The BBC’s Nick Robinson opined, “Hell hath no fury like a media mogul scorned”, suggesting that it was payback for the government’s decision to establish the Leveson Inquiry into press standards following the News of the World revelations.

In the last months, Murdoch has also come out stridently in favour of a referendum in Scotland on independence from the United Kingdom, with his newly launched Sun on Sunday unashamedly boosting Scottish National Party leader Alex Salmond against the “Westminster” parties.

Whatever the exact nature of relations between the multi-billionaire crook and the coalition government, nothing of principle will come out of the latest revelations.

Already they are being used to press forward plans for the state funding of parties. Cross-party talks on funding have been brought forward to this week. Under discussion are plans to cap large individual donations to the official parties in return for public funding.

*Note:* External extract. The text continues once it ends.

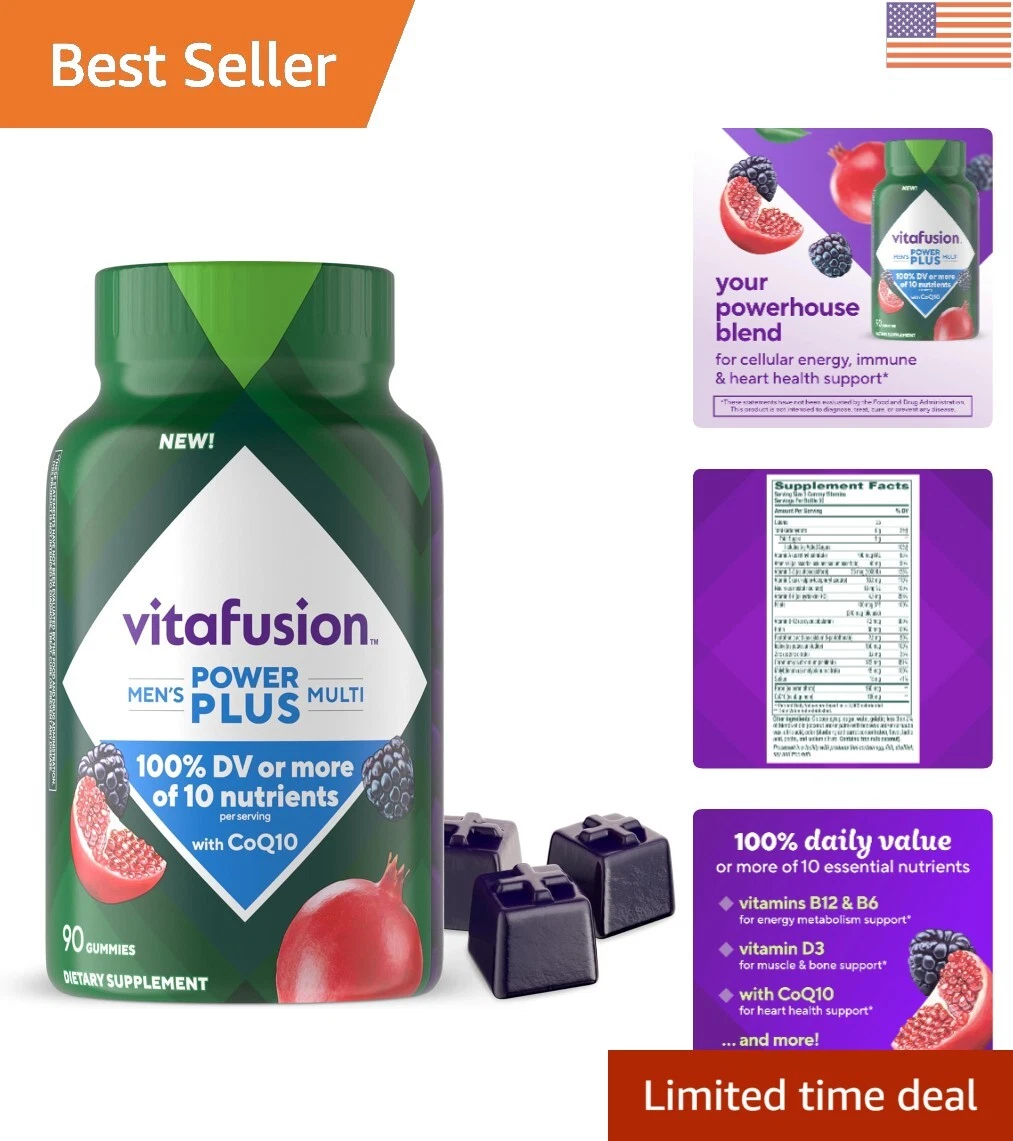 Delicious Pomegranate Power+ Men's Multivitamins - 90 Gummies for Optimal Health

Sir Christopher Kelly, chairman of the Committee on Standards in Public Life, suggested this was the only way to “remove the suspicion surrounding very large donations”. It would mean the Tories “giving up their advantage of having more wealthy supporters, for Labour, the relationship with the trade unions.”

Writing in the Independent Mary Ann Sieghart suggested that the committee’s proposals—which would work out at “50p per voter, per-year”—was the right way to go. Four-fifths of the public believe party donations are made in return for favours, Sieghart wrote, stating that such “cynicism is completely justified”.

The combined membership of the three official parties “was seven times higher” in the 1960s than today, she continued. But “[T]he era of mass membership is over, and parties are never again going to be able to fund themselves through individual subscriptions.”

While portrayed as a more transparent option, the proposal amounts to a demand for working people to finance moribund organisations, deeply hostile to their class interests, so as to perpetuate a thoroughly anti-democratic and socially reactionary political set-up.